Well my buddy gets in on the week end he has one so I'll get him to send it when he gets in and I'll post if anyone is interested. I know the harness caught a lot of eyes and was far out in front of every thing else.


----------



## Fish Scalper (Oct 31, 2009)

That pattern is a Silver Streak. Their problem is they don't keep their site current with patterns you'd have to locate it on one their retailers sites.


----------



## Buckeye Ron (Feb 3, 2005)

Viper1,
Craig has one under the silver streak link for the Vibe lure, it is called a Margarita. It looks like the color of the willow blades that i purchased from him a couple years back.

Ron



viper1 said:


> Been looking for a pic of a margarita spoon or margaritaville. Any one have a pic they can post?


----------



## viper1 (Apr 13, 2004)

Actually Silver streak is the manufacture of one type. There is others to I have found. There is a Margarita and a lime Margarita. 

This is Margarita by Silver streak 










And this is the Lime Margarita.










The first and sprint car were big producers the other day. Couldnt keep in the water.


----------



## viper1 (Apr 13, 2004)

Thanks Guys I think the first one is what i was looking for. Now I want to do a spoon that way. Dont see any one else with spoons that color.


----------



## K gonefishin (May 4, 2004)

viper1 said:


> Thanks Guys I think the first one is what i was looking for. Now I want to do a spoon that way. Dont see any one else with spoons that color.

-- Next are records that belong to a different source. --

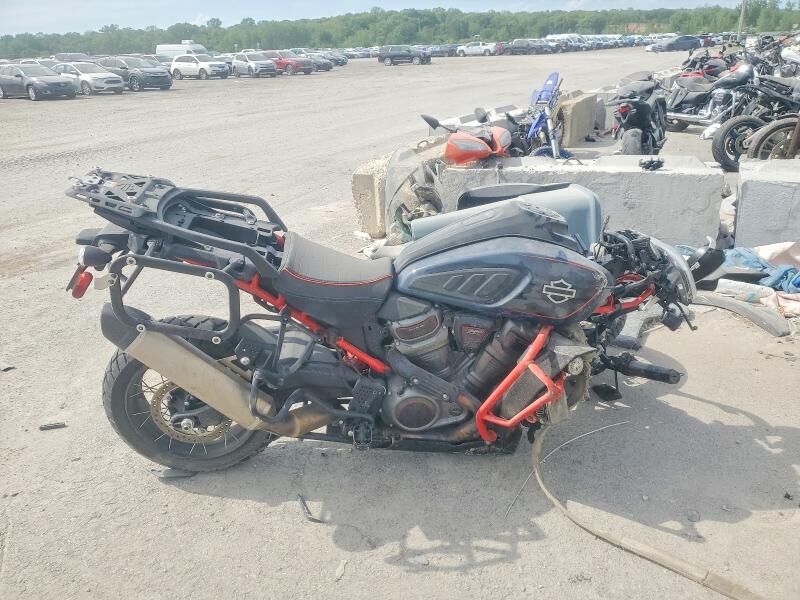 2025 HARLEY-DAVIDSON Pan America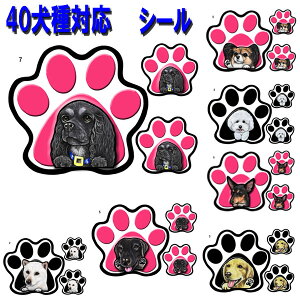  XebJ[  pE XebJ[  XebJ[ S[fgo[ rVt[[  Hc C^O ueA C^AO[nEh VFp[h VFbhhV[v 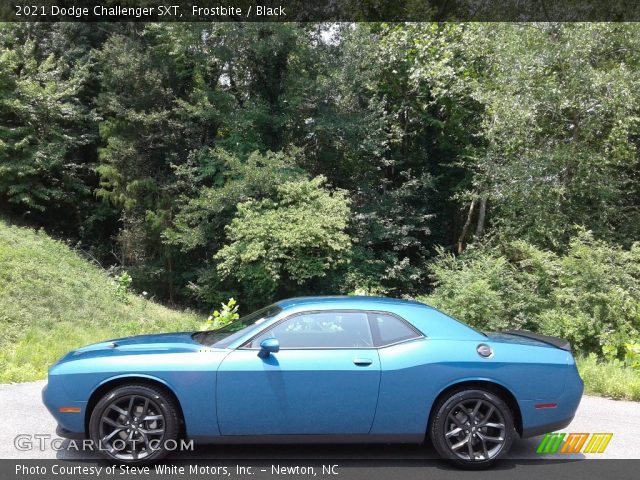 2021 Dodge Challenger SXT in Frostbite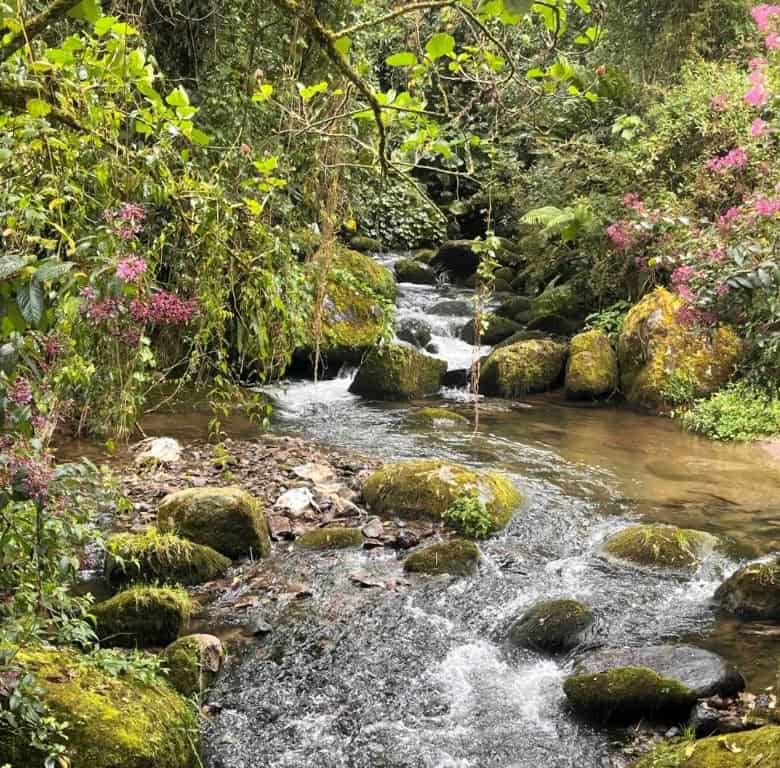 Cloud forest land with a stream in Cerro Punta, Panama, ideal for nature lovers and investors.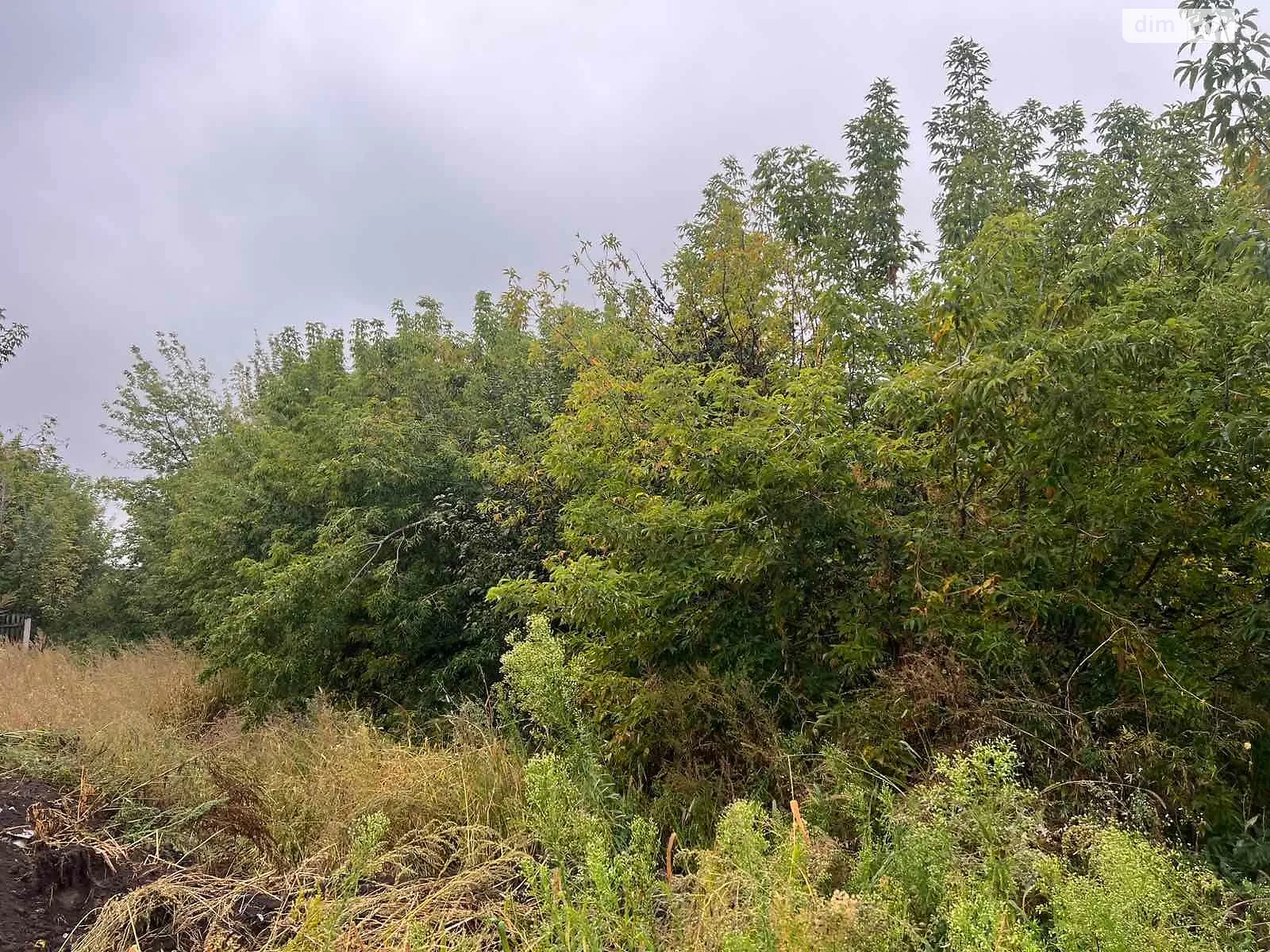 Продається земельна ділянка 0.7 соток у Чернігівській області, цена: 346850 грн - фото 1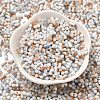 Baking Paint Glass Seed Beads SEED-F005-01A-07-2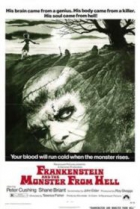 Online film Frankenstein a pekelná stvůra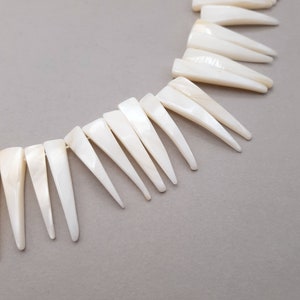 May include: A strand of white shell beads, each bead is shaped like a sharp, pointed triangle. The beads are strung together to create a necklace or bracelet.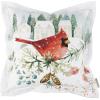 image:imagePrimitives by Kathy Winter Cardinal Pillow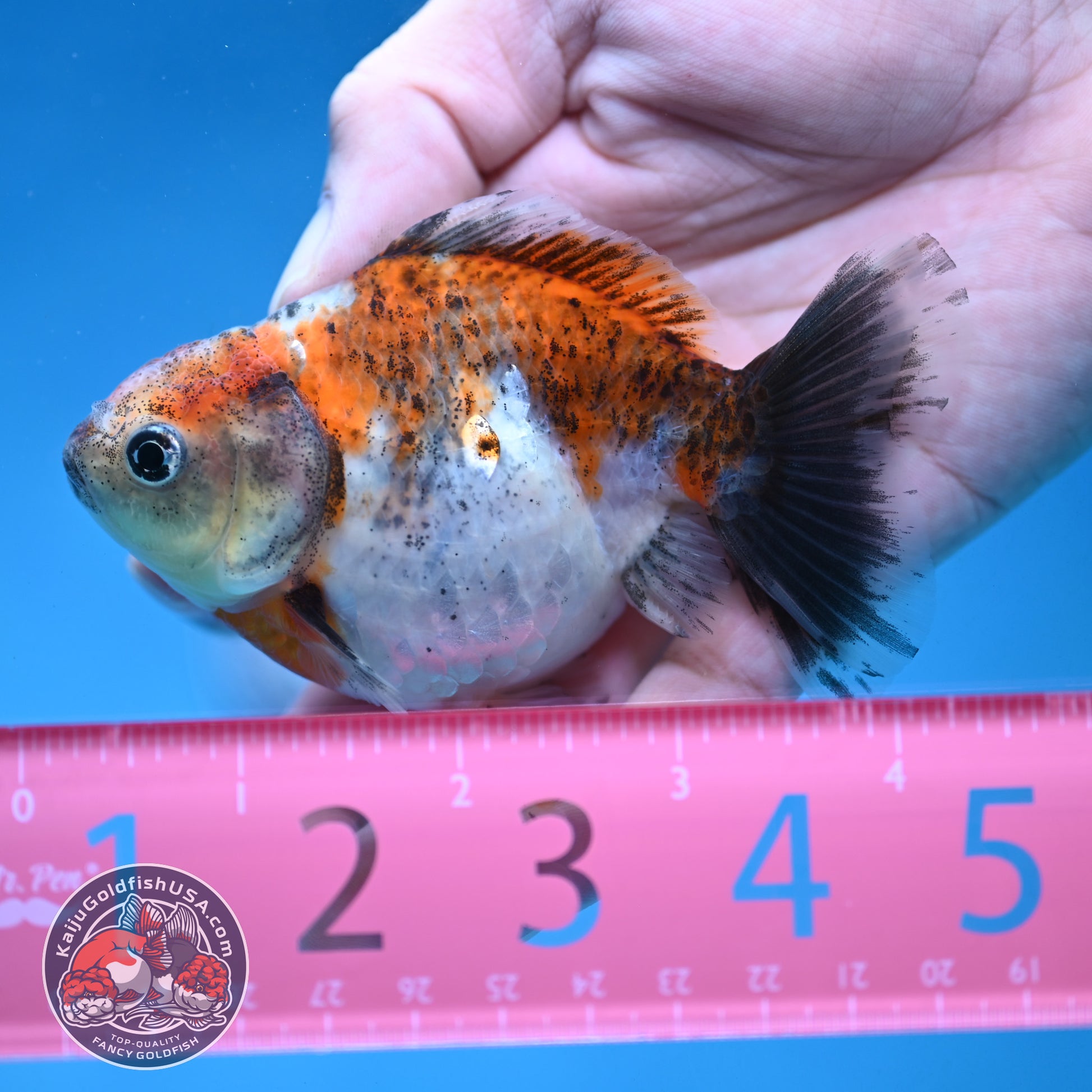 Juvenile Shogun Calico  Oranda 3 inch Body (251121_OR18)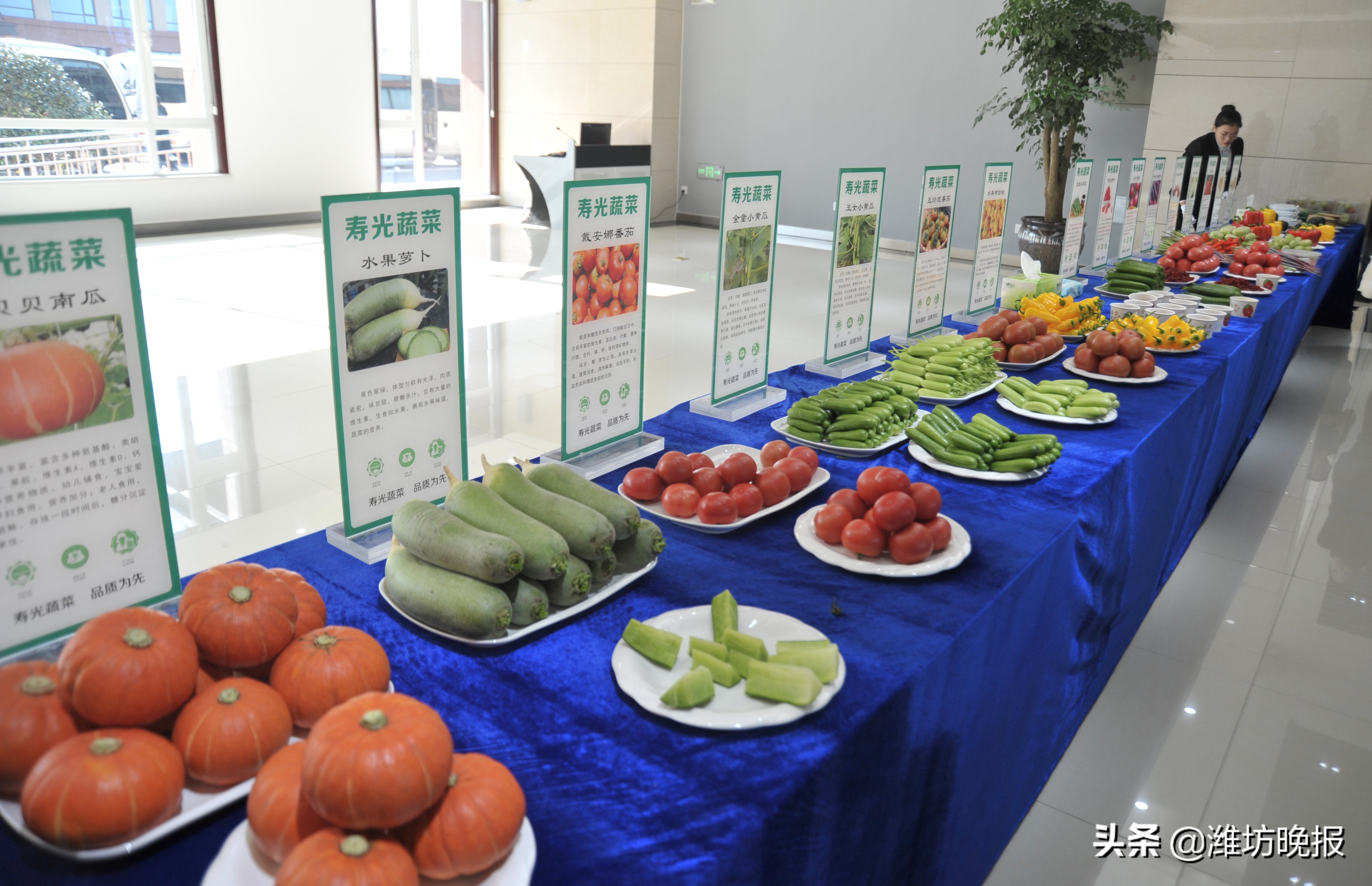 寿光新旧动能转换,潍坊新旧动能转换区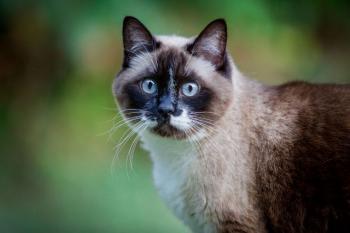 Nora Bild von Nora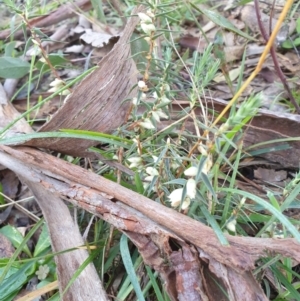 Melichrus urceolatus at Goulburn, NSW - 16 Jun 2021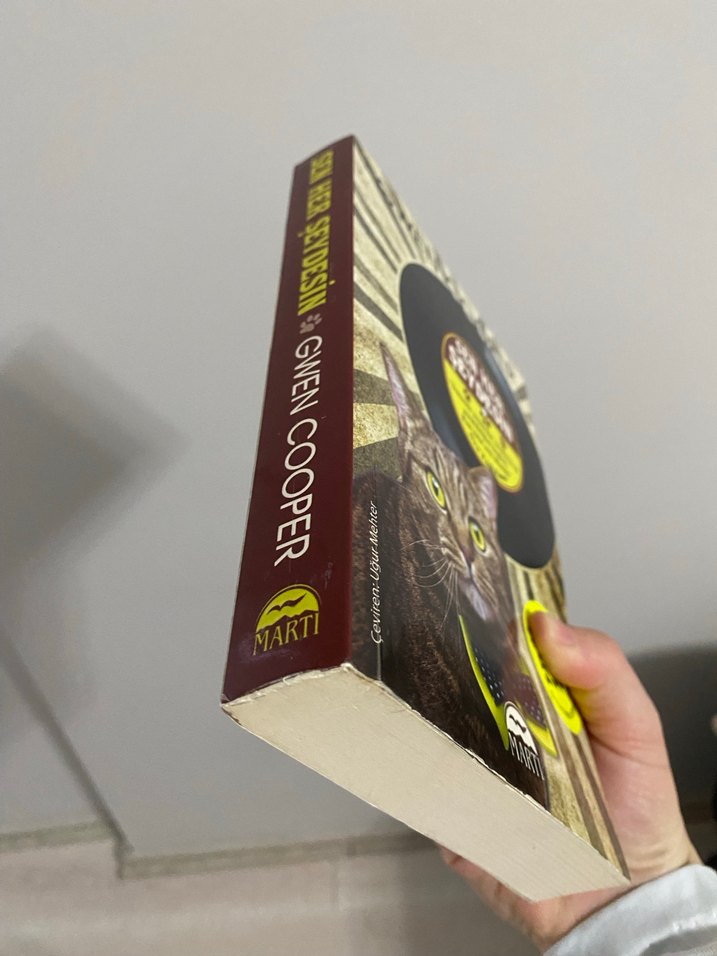 Sen Her Şeydesin - Gwen Cooper - Görsel 2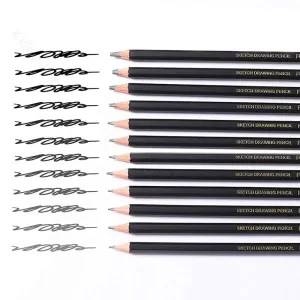 12 Piece Professional Sketching Pencil Set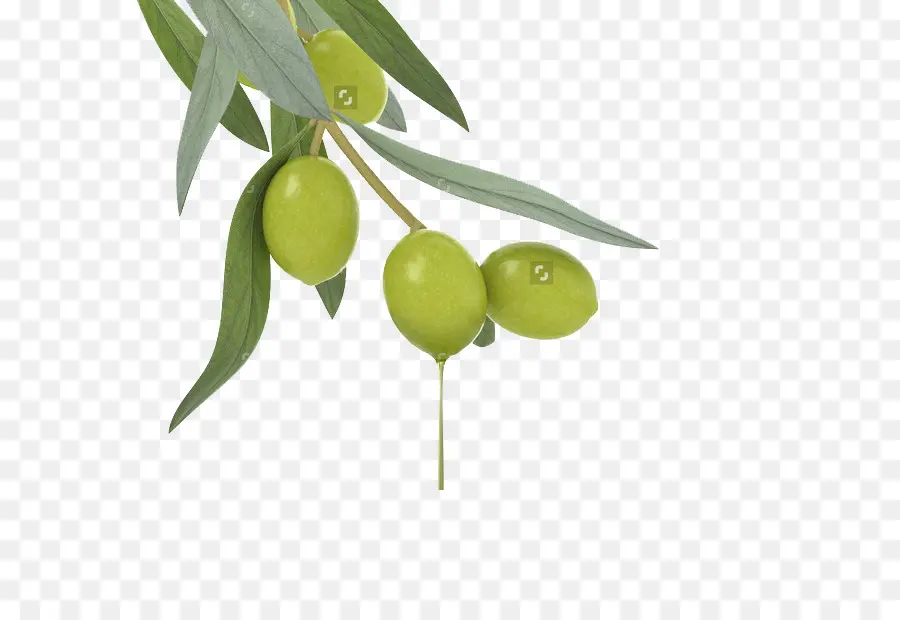 Olives Vertes，Bifurquer PNG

Yeck has it called cedar point. Stinger calls it Helmet and they have a couple variations of it.Old Pete's might have it too check with Don. Usually when one company has a hot one, others follow suite...in some cases not all just gotta poke around  

http://www.fishyecklures.com/yeck_combined_small.pdf lower left page 5 

http://www.mistinger.com/spoon-pages#!__spoon-pages/page-6


----------



## viper1 (Apr 13, 2004)

K gonefishin said:


> Yeck has it called cedar point. Stinger calls it Helmet and they have a couple variations of it.Old Pete's might have it too check with Don. Usually when one company has a hot one, others follow suite...in some cases not all just gotta poke around
> 
> http://www.fishyecklures.com/yeck_combined_small.pdf lower left page 5
> 
> http://www.mistinger.com/spoon-pages#!__spoon-pages/page-6


Thanks K gonefishin! I'll check them out.


----------